Bordman scowled. Then Aletha came, carrying a not-too-heavy bag. Bordman put it in the boat, disapproving of the crampedness of the craft. But this wasn't a lifeboat. It was a landing-boat. A lifeboat had Lawlor drive and could travel light-years, but in the place of rockets and rocket-fuel it had air purifiers and water recovery units and food stores. It couldn't land without a landing-grid aground, but it could get to a civilized planet. This landing-boat could land without a grid, but its air wouldn't last long.
"Whatever's the matter," said Bordman darkly, "it's incompetence somewhere!"

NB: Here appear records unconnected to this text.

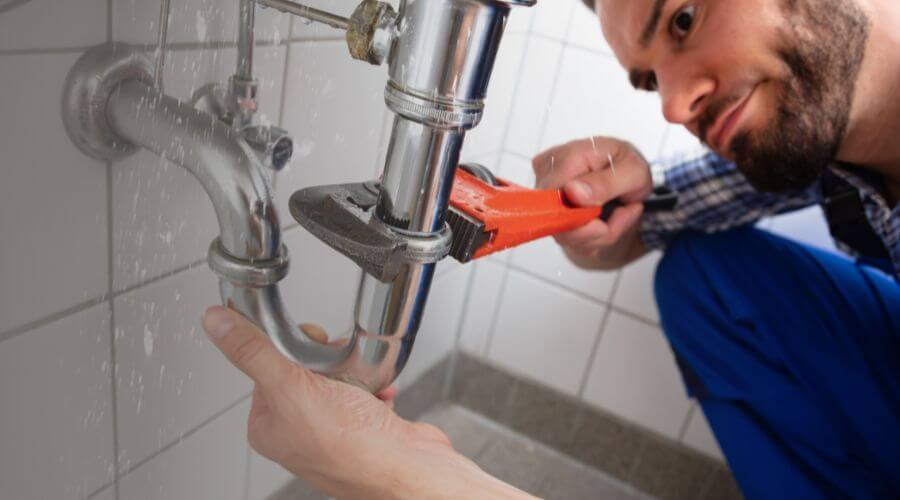 Professional same day plumber services in Freeman, SD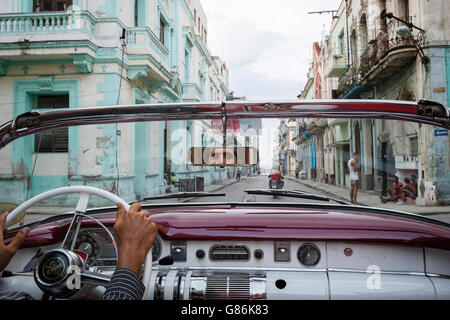 La guida di un auto classica a l'Avana, Cuba Foto Stock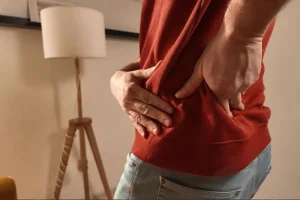 فرق سیاتیک با تنگی کانال نخاعی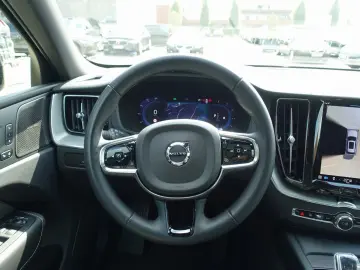 XC60 B4 AWD Plus Dark/AHK/360°Cam/Pano./Lenkrhz.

But he couldn't figure it out. This was a cargo-ship. Cargo-ships neither took off nor landed under their own power. It was too costly of fuel they would have to carry. So landing-grids used local power—which did not have to be lifted—to heave ships out into space, and again used local power to draw them to ground again. Therefore ships carried fuel only for actual space flight, which was economy. Yet landing-grids had no moving parts, and while they did have to be monstrous structures they actually drew power from planetary ionospheres. So with no moving parts to break down and no possibility of the failure of a power-source, landing-grids couldn't fail! So there couldn't be an emergency to make a ship ride orbit around a planet which had a landing-grid.
The engineer came back. He carried a mail sack full of letter-reels. He waved his hand. Aletha crawled into the landing-boat port. Bordman followed. Four people, with considerable crowding, could have gotten into the little ship. Three pretty well filled it. The engineer followed them and sealed the port.